Após a tentativa frustrada de fuga, Berg Neguinho foi transferido para o pavilhão 2 da Penitenciária de Alcaçuz, na região metropolitana de Natal. Em fevereiro de 2013, presos ligados ao PCC invadiram sua cela e, enquanto ele dormia, o executaram a facadas.
A regra do PCC era clara: “Sangue é cobrado com sangue”. O assassinato de Berg Neguinho, no entanto, causou revolta da massa carcerária contra o “Comando Paulista”, como os detentos potiguares se referiam ao PCC, até então hegemônico no Rio Grande do Norte.
Fundado em março de 2013, o Sindicato do Crime adaptou o lema dos paulistas: “O certo pelo certo e o errado será cobrado”. Por discordarem da cúpula, até antigos membros do PCC no estado “rasgaram a camisa”, gíria usada para os dissidentes, e aderiram à nova facção.
Da “malandragem” ao PCC
Um estudo da Universidade Federal do Rio Grande do Norte (UFRN), realizado pela antropóloga Natália Firmino Amarante, em 2019, liga o assaltante de banco Jackson Jussier, o Monstro, à chegada do PCC ao estado, no início dos anos 2000.
Até então, a criminalidade potiguar era regida pela lógica da “malandragem” – sem grupos organizados ou estatutos do crime. Com a liderança de Monstro, o PCC dominou os presídios do estado e marcou posição nas ruas de Natal, a partir de 2006.
Para a facção, o Rio Grande do Norte é visto como uma base estratégica. Além de expandir sua influência para fora de São Paulo, o PCC se beneficia da proximidade da costa potiguar em relação à Europa e à África, que favorece o tráfico internacional de drogas.
A morte de Monstro, durante um tiroteio com a polícia em 2011, é um divisor de águas para o PCC na região. Sem outras lideranças locais de relevância, decisões do “Comando Paulista” passaram a ser contestadas e o vácuo de poder abriu espaço para o surgimento do SDC.
Com estatuto inspirado no PCC, o Sindicato do Crime foi formado para mediar conflitos dentro do sistema prisional do Rio Grande do Norte, reivindicar direitos dos presos e “combater os erros” da facção paulista – como o assassinato de Berg Neguinho, visto como “covardia”.
Em pouco tempo, o SDC ganhou relevância. Já em 2014 e 2015, greves de fome e motins foram organizados por suas lideranças.
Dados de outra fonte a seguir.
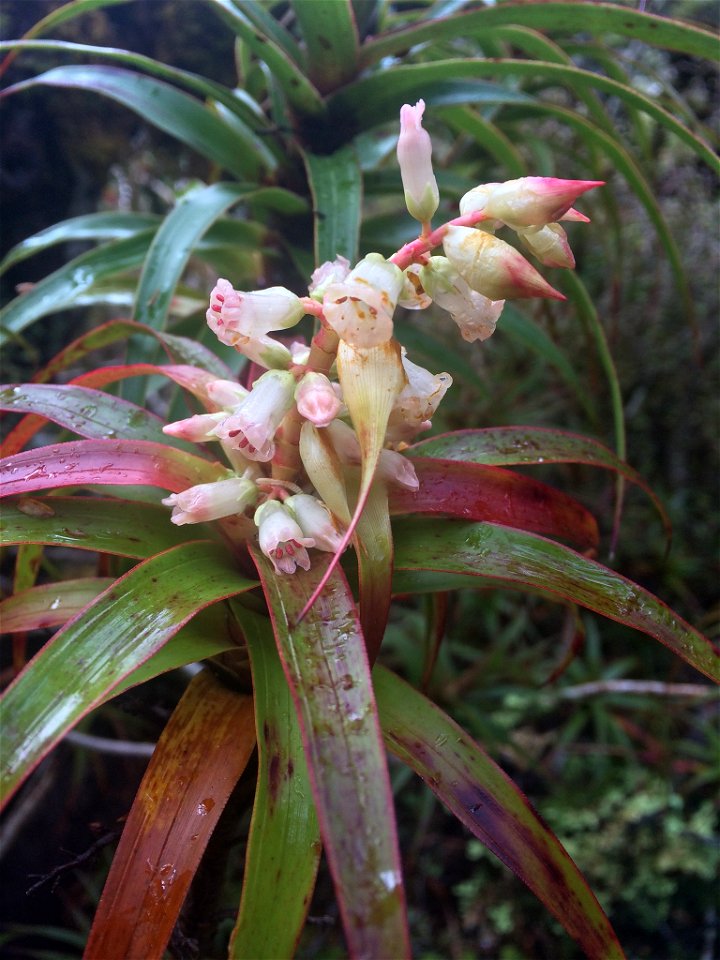 The inflorescence of the endemic New Zealand plant Dracophyllum menziesii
Inicialmente pacífico, o convívio com o PCC virou disputa por território dentro e fora das cadeias. O episódio mais emblemático da guerra entre as facções é o Massacre de Alcaçuz, em janeiro de 2017, em que 27 presos do SDC foram mortos, decapitados e queimados.
Do PCC ao Sindicato
Apesar do revés no episódio, o Sindicato do Crime se tornou a facção mais forte do estado e controla o sistema prisional potiguar. O grupo tem aliança ideológica com o Comando Vermelho (CV), que nasceu no Rio de Janeiro e também é rival do PCC.
“O SDC habita o imaginário social dos moradores de Natal, principalmente em decorrência de sua rivalidade com o PCC, que ocasiona diariamente assassinatos e reitera, recria novos (e velhos) ciclos de vingança”, afirma a antropóloga Natália Firmino Amarante, em seu estudo.
Liderança da facção, José Kemps Pereira de Araújo, o Alicate, de 45 anos, é apontado pelas autoridades como responsável por ordenar os ataques recentes no Rio Grande do Norte. Na semana passada, ele foi transferido para o presídio federal de Mossoró (RN), unidade de segurança máxima.
O motivo dos ataques estaria relacionado a reivindicações dos presos no sistema – como acesso à televisão ou direito à visita íntima, interrompidos desde o Massacre de Alcaçuz, em 2017.
Atribuída ao SDC, a suposta ordem para os ataques chegou até a circular no WhatsApp de autoridades de segurança. “A população carcerária do estado do RN vem passando por opressões, humilhação, desrespeito”, diz o texto. “Chegou a hora de darmos a resposta em cima de todo esse sofrimento”.